Report every line below that carries the word "tuberculosis".
*** Opening EXTRACTED MATERIAL ***
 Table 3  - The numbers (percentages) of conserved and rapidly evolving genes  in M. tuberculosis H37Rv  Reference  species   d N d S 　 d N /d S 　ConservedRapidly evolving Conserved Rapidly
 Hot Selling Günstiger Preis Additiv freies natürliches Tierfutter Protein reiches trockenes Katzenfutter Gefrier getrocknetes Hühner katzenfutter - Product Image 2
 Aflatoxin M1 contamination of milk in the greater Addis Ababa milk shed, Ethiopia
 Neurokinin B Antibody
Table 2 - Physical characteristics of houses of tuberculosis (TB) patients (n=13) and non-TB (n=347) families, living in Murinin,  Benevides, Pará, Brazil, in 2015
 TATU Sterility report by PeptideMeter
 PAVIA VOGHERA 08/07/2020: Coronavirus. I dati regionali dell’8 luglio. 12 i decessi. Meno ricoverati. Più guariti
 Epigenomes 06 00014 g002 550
*** Closing EXTRACTED MATERIAL ***
> **OUTPUT FOR THIS TASK**:
 Table 3  - The numbers (percentages) of conserved and rapidly evolving genes  in M. tuberculosis H37Rv  Reference  species   d N d S 　 d N /d S 　ConservedRapidly evolving Conserved Rapidly
Table 2 - Physical characteristics of houses of tuberculosis (TB) patients (n=13) and non-TB (n=347) families, living in Murinin,  Benevides, Pará, Brazil, in 2015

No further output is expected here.